Sajid Javid has caused intense disappointment in the British Indian community by announcing he will not be backing his close friend Rishi Sunak in the Tory leadership contest but his rival, Liz Truss.
Rishi has been accused by the Truss camp of betraying Boris Johnson but it was Javid who resigned first as health secretary on Tuesday, July 5 at 6pm, followed by Rishi as chancellor at 6.10pm.
Their resignations triggered 50 others from the government, forcing Boris reluctantly to concede he could no longer stay as Prime minister.
That “our Saj”, who had made much of his modest origins as the son of a Pakistani bus driver, hasn’t backed Rishi does have the potential to disturb the generally harmonious relations between the Indian and Pakistani communities in the UK. Asked why Sajid had chosen not to back Rishi, a senior Indian Tory, who is friendly with both men but is probably closer to the Pakistani, told The Telegraph: “I cannot understand it.”
Pressed for an explanation, he expressed his frustration with Sajid: “I feel he waited until the end to make sure who was likely to win and back the person to secure his place in the cabinet. Please don’t use my name as Saj is a good friend.”
He feared relations between the two communities might be affected “very badly”. He said: “This was an opportunity to show the friendship between the two. There is no loyalty in politics. Always self-interest comes first.” The Times, where Javid declared his support for Truss, expressed the same sentiment. “So is Javid’s backing of Truss simply realpolitik, with the lure of a cabinet job taking precedence over personal loyalty?” the paper wondered. “Truss’s status as the frontrunner will have been a factor in Javid’s decision over who to back.
Having failed to win enough endorsements even to make it to the leadership run-offs, he was never going to back either of the final candidates from a position of great strength.” The Times added: “Wisdom would have it that it’s better in those circumstances to make yourself useful to the likely winner rather than alienate yourself by backing the loser.” Rishi and Sajid share a passion for Star Wars movies. Rishi took over as chancellor when Javid resigned from the post in February 2020. 
In a TV interview, Rishi, 42, described Javid, 52, as “a good friend and mentor”.  Speaking to Sky News, Rishi recalled: “He was my first boss actually… Sajid and I have been in touch so yes, he has always given me advice.” The advice was “more on the personal side than on the policies side”, Rishi added. 
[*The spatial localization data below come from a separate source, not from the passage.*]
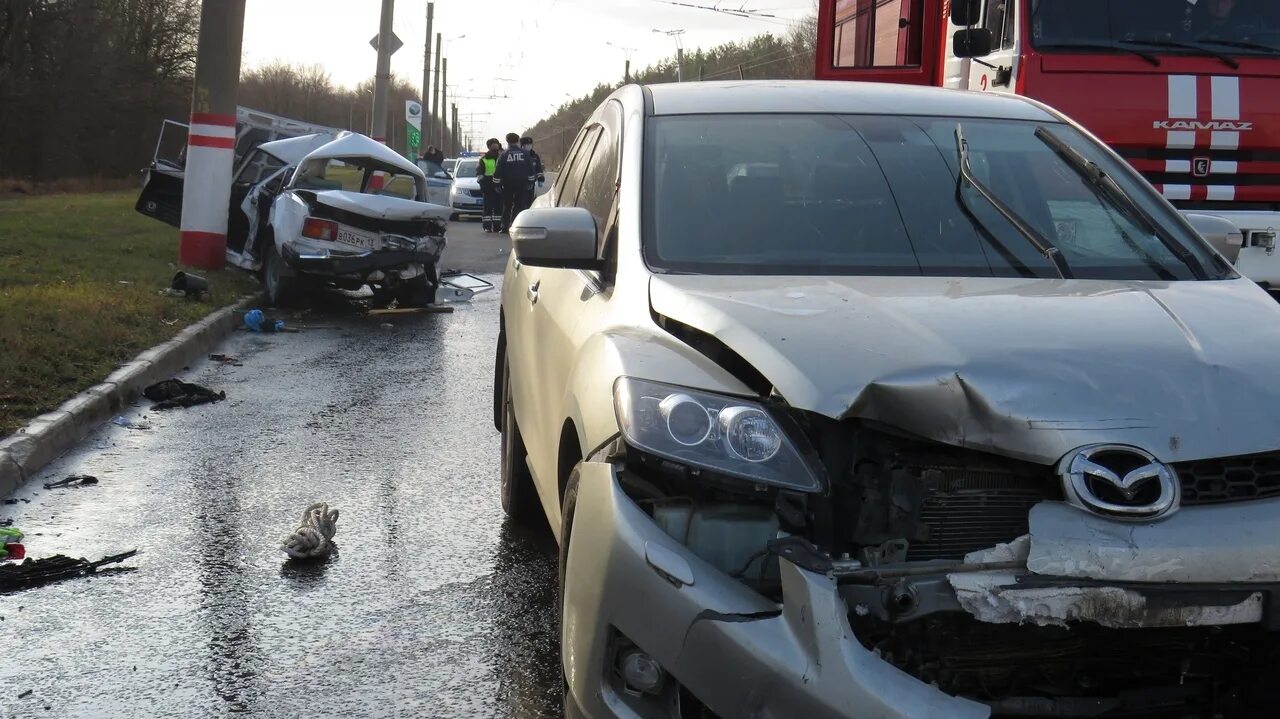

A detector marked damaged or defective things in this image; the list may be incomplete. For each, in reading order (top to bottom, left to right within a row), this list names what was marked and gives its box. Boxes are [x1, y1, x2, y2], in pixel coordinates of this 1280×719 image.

wrecked white car [139, 131, 448, 304]
crumpled hood [304, 189, 450, 222]
damaged silver suv [491, 81, 1280, 711]
wrecked white car [494, 79, 1280, 716]
crashed car rear end [499, 81, 1280, 711]
crumpled hood [655, 273, 1280, 465]
front bumper damage [565, 458, 1280, 716]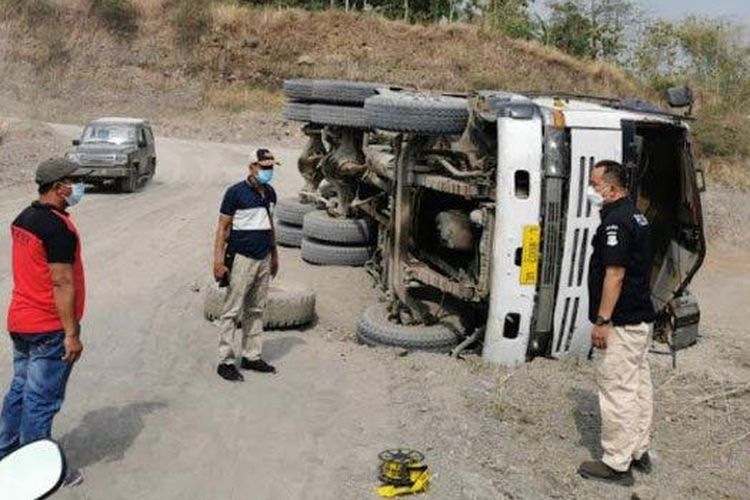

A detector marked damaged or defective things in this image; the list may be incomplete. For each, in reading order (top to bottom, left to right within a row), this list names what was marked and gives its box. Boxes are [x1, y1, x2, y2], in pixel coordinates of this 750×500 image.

overturned white truck [284, 80, 712, 366]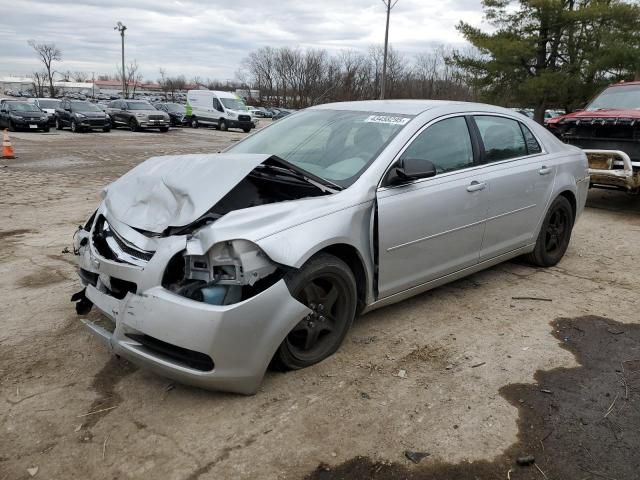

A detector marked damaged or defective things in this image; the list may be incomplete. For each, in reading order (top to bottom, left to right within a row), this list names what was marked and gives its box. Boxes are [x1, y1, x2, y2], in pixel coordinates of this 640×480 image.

crushed hood [102, 153, 270, 233]
broken front bumper [584, 149, 640, 192]
broken front bumper [74, 218, 312, 394]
The Independent described them as “ideological soulmates”. But in an article in The Times, Sajid mounted a direct attack on Rishi: “Some claim that tax cuts can only come once we have growth. I believe the exact opposite — tax cuts are a prerequisite for growth.” The new government would face many challenging tests, said Sajid: “This contest has at times been bruising and unpleasant, but two very credible candidates have emerged through it. After careful consideration, it is clear to me that Liz Truss is best placed to pass these tests.”